So. I thought about the potential of bad actors sniffing on lemmy data. In theory, you’ld have to trust your lemmy-instance hosted to not be a bad actor and every single server they federated with. That means, it should be really - REALLY - easy for a bad actor of even a nation state actor to set up an instance and just wait for the data of users to pour in.
Theoretically they could see all the posts you ever made, and, every post you upvoted. Which also gives clues on: When are you active, what region are you from, what you like and dislike (obviously), political views, etc.
I mean - Maybe I’m too suspicious but tbh the more I read into this, the more I get a bad feeling about this…

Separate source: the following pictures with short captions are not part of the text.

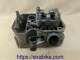 Front Cylinder Head For Honda Xrv 750 Africa Twin From 1990 To 2002 (rd04)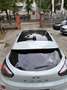 Ford Puma PUMA ST-Line X Matrix LED, Totwinkel Grau - thumbnail 20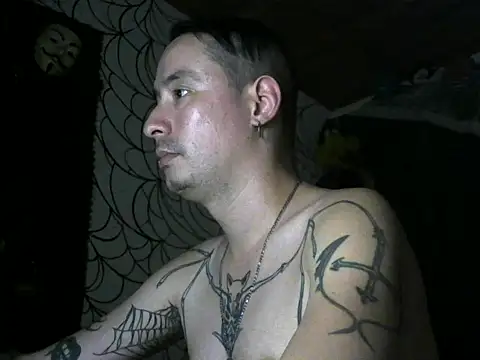 vampireathome stripchat live cam model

What is “data of users”? Federated instances don’t get anything except username. Only the instance owner sees your IP address and browsing habits
Yes. But it is pretty easy to “connect the dots”. A lot of people are reusing their usernames, which makes them identifiable. And since the other instances do save data like Posts you made, likes or dislikes you send, it can be pretty easy to make a profile out of your data and identify you.
Hmm…if people followed basic privacy rules, like not reusing usernames, it wouldn’t be an issue.
Lemmy is not a privacy focused platform. End of story. Neither is Reddit or Facebook.
If you want to be anonymous and private, either use TOR or disconnect your internet.